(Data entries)
· · ·
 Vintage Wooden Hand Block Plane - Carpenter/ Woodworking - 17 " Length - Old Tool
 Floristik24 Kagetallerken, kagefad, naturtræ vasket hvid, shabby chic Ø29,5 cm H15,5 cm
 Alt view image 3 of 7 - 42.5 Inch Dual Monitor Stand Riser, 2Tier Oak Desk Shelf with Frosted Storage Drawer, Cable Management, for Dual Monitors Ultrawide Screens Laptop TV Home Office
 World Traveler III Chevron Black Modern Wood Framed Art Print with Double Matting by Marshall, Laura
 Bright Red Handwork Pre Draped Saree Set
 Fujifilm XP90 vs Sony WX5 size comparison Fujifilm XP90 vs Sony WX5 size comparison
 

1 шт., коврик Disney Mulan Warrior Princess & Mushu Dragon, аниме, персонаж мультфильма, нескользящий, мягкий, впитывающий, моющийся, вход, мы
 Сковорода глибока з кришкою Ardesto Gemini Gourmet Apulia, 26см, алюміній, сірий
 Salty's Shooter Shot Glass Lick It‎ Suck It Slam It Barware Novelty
· · ·
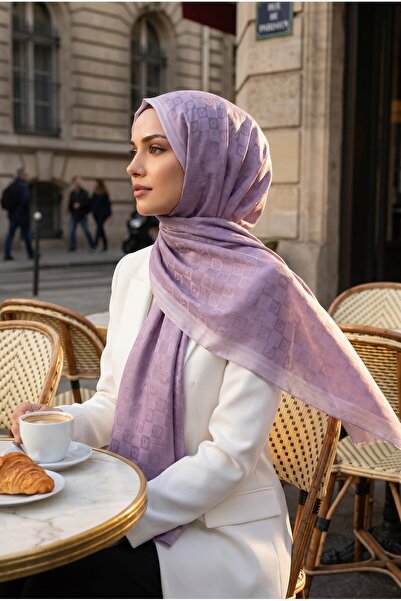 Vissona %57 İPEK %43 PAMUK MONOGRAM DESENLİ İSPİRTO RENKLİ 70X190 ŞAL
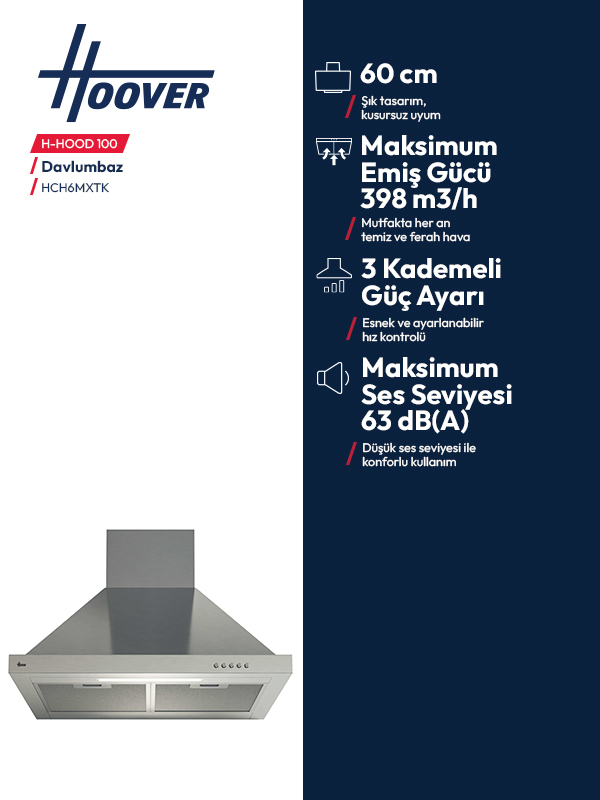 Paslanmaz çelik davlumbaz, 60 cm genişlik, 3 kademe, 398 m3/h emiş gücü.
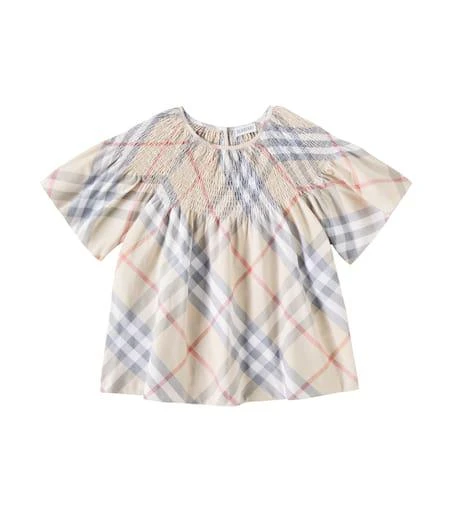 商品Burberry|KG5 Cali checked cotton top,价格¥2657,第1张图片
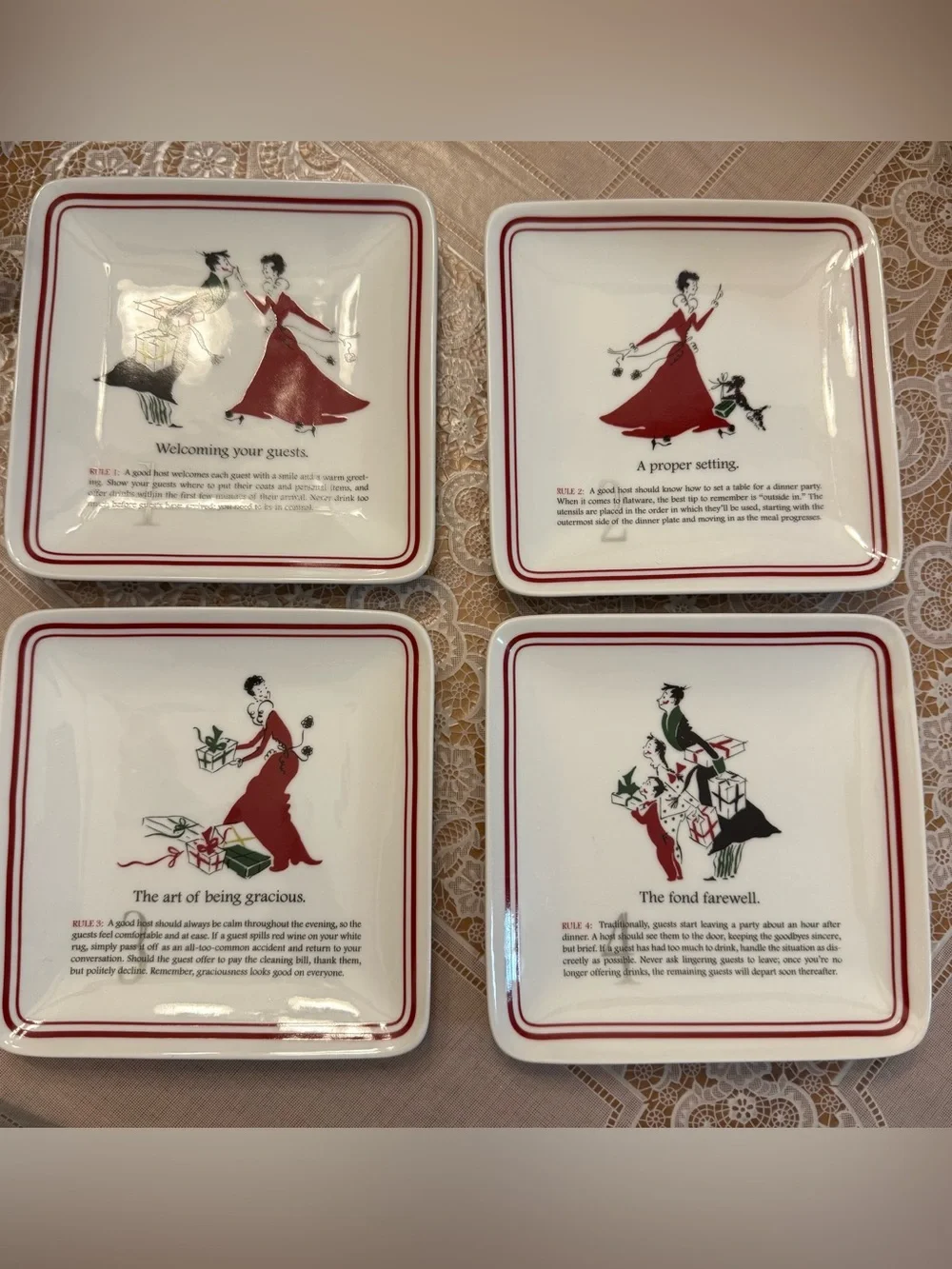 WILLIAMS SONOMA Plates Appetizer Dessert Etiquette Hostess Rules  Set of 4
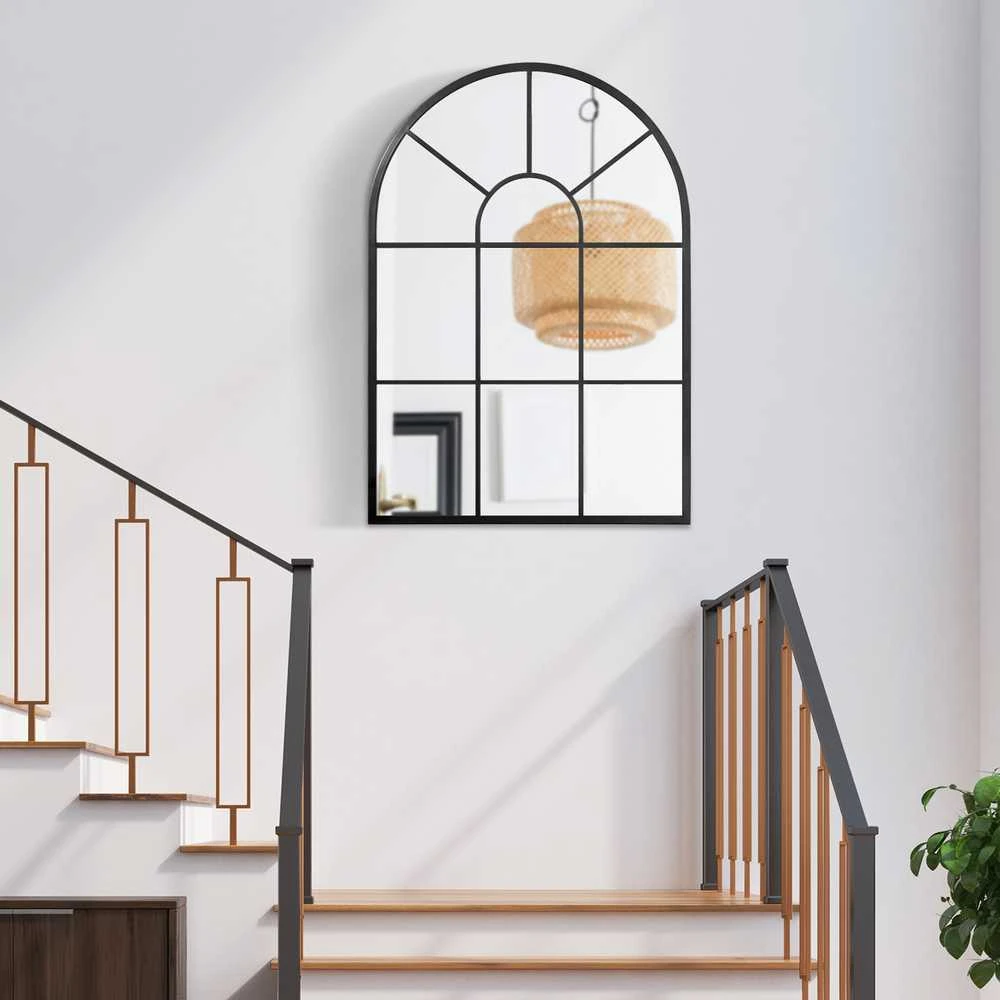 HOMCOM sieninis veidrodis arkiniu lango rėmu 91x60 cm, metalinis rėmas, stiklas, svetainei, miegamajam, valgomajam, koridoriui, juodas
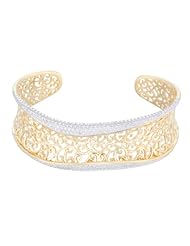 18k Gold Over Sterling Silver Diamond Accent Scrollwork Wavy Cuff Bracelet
· · ·
• _WHAT IS REQUIRED_:
Search the entries for the word "with" and pick out every line that holds it.

• _SOLUTION_:
 Alt view image 3 of 7 - 42.5 Inch Dual Monitor Stand Riser, 2Tier Oak Desk Shelf with Frosted Storage Drawer, Cable Management, for Dual Monitors Ultrawide Screens Laptop TV Home Office
 World Traveler III Chevron Black Modern Wood Framed Art Print with Double Matting by Marshall, Laura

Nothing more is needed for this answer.